II. SUMMARY JUDGMENT STANDARD
A moving party is entitled to summary judgment where "the movant shows that there is no genuine dispute as to any material fact and the movant is entitled to judgment as a matter of law." Fed. R. Civ. P. 56(a). A fact in dispute is material when it "might affect the outcome of the suit under the governing law" and is genuine "if the evidence is such that a reasonable jury could return a verdict for the nonmoving party." Anderson v. Liberty Lobby, Inc., 477 U.S. 242, 248 (1986). Disputes over irrelevant or unnecessary facts will not preclude granting a motion for summary judgment.
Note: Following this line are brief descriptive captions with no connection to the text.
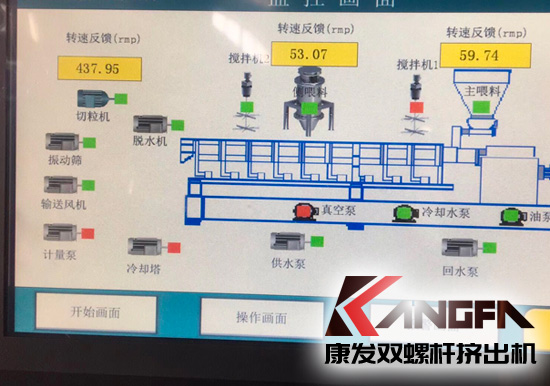 康發揚州客戶選購的JSH-K系列75高扭水環切粒雙螺桿擠出機開機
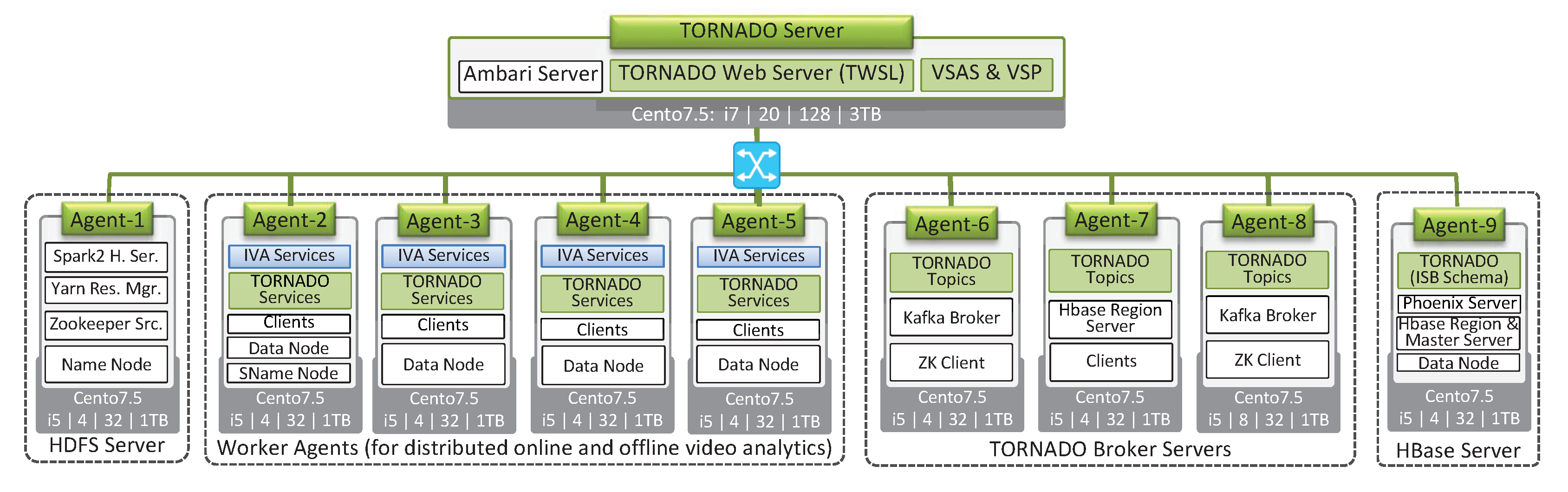 Sensors 20 03581 g013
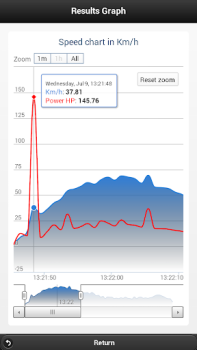 Télécharger Car Performance Meter, speedom Cartes et navigation pour Android Capture d'écran 6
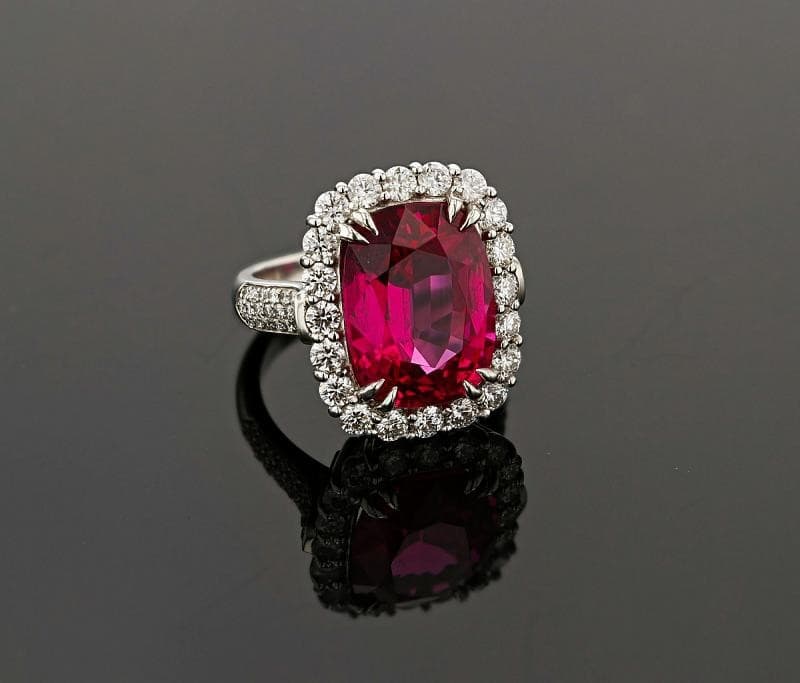 Is Spinel Expensive?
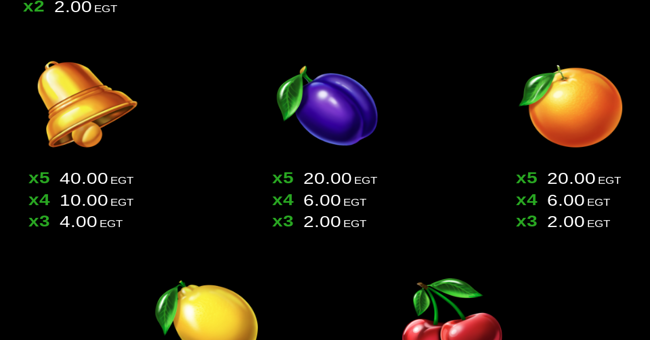 5 burning clover paytable 3 paytable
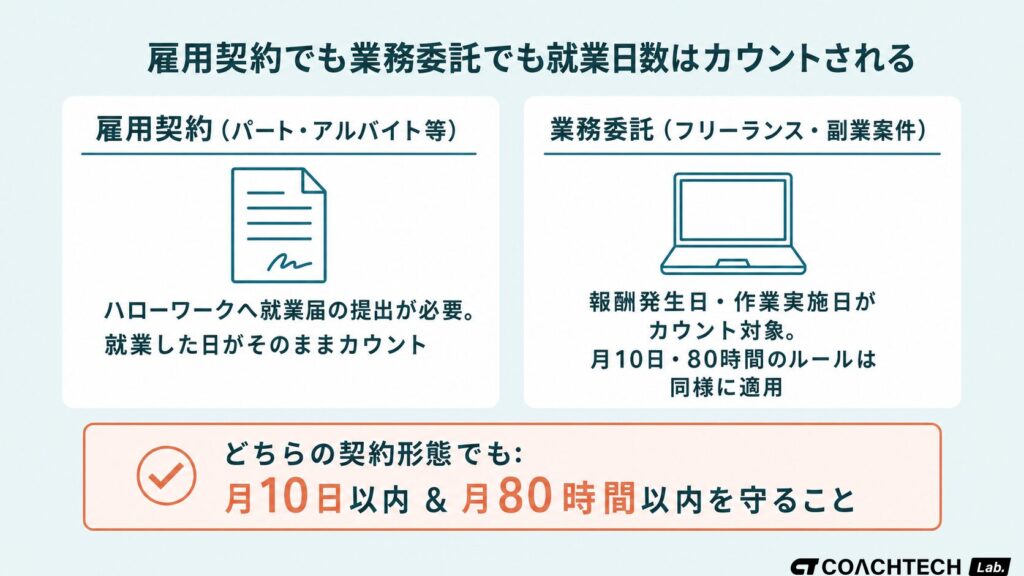 育休中の副業において雇用契約と業務委託の両方で就業日数がカウントされることを整理した2カラム比較図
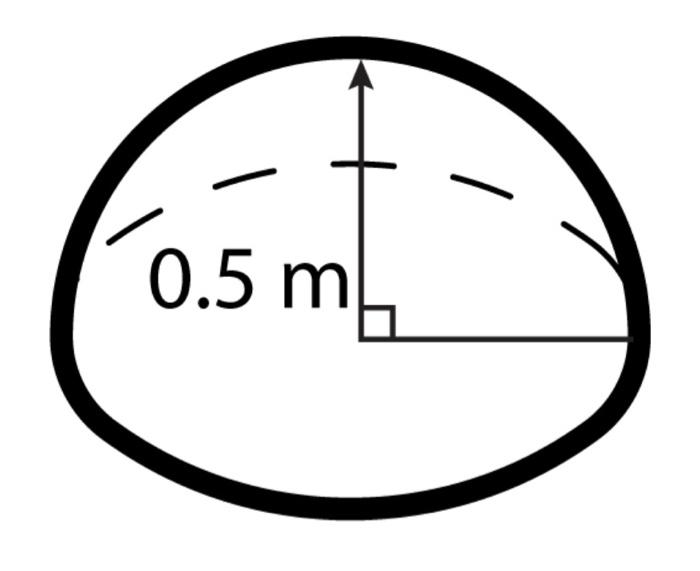 Solved Calculate the mass of the cupola in kilograms. for a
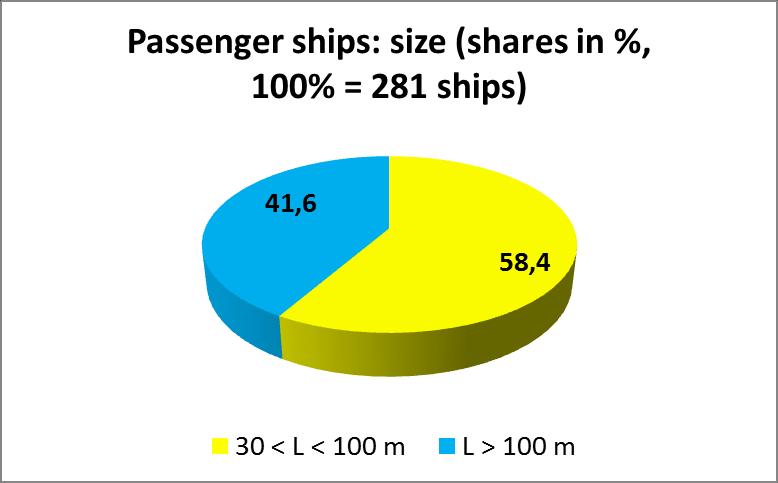 Similar distribution of building dates in ships below and above 100 m length: 77 % of all
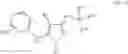 Fig. 43 - Pharmaceutically acceptable salts of 3,5-diaminopyrazole kinase inhibitors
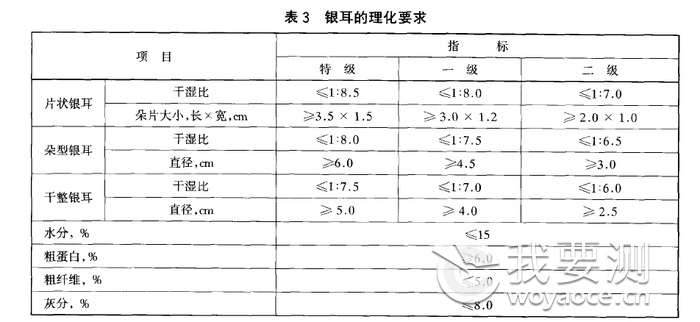 银耳理化要求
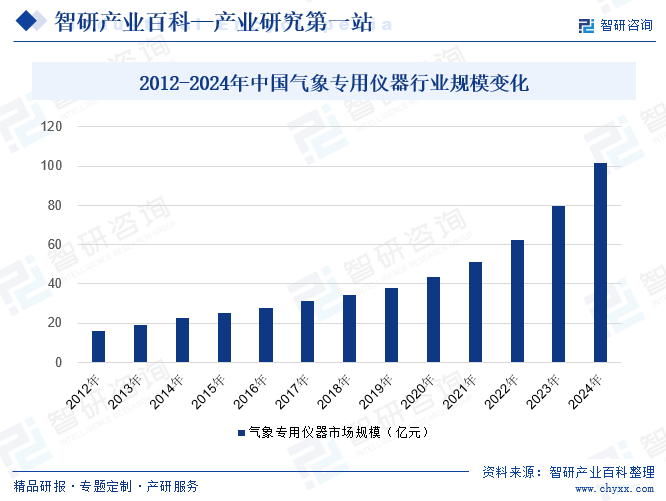 2012-2024年中國(guó)氣象專用儀器行業(yè)規(guī)模變化
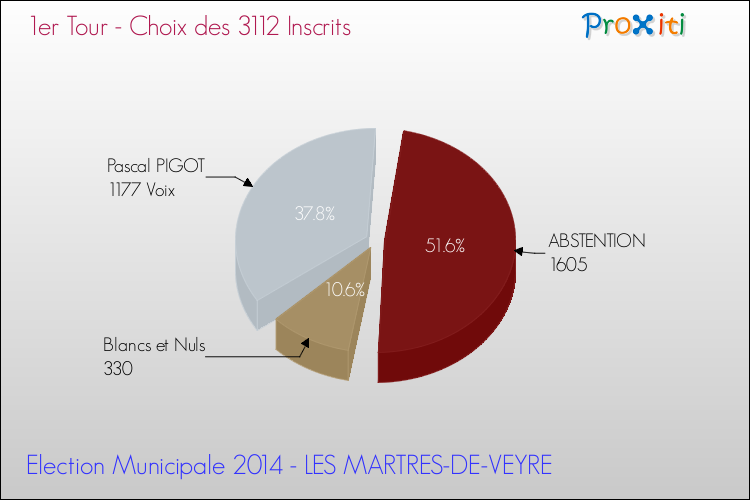 Résultats par rapport aux inscrits au 1er Tour des Elections Municipales 2014 de la commune de LES MARTRES-DE-VEYRE Elections Municipales 2014 - Résultats par rapport aux inscrits au 1er Tour pour la commune de LES MARTRES-DE-VEYRE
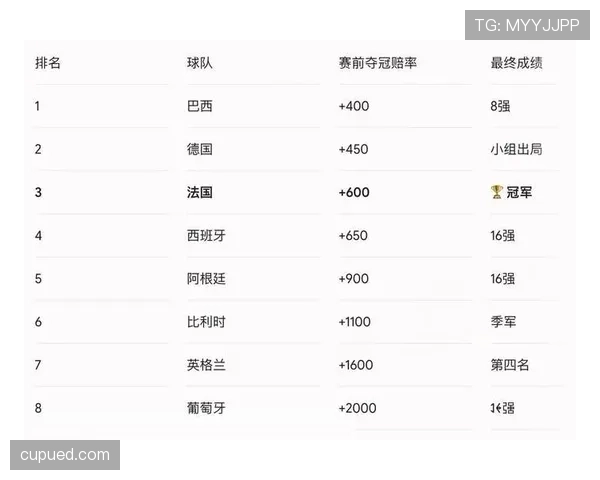 2026世界杯冷门晋级概率排行榜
Id. "In considering a motion for summary judgment, a district court may not make credibility determinations or engage in any weighing of the evidence; instead, the nonmoving party's evidence 'is to be believed and all justifiable inferences are to be drawn in his favor.'" Marino v. Indus. Crating Co., 358 F.3d 241, 247 (3d Cir. 2004) (quoting Anderson, 477 U.S. at 255)). A court's role in deciding a motion for summary judgment is not to evaluate the evidence and decide the truth of the matter but rather "to determine whether there is a genuine issue for trial." Anderson, 477 U.S. at 249.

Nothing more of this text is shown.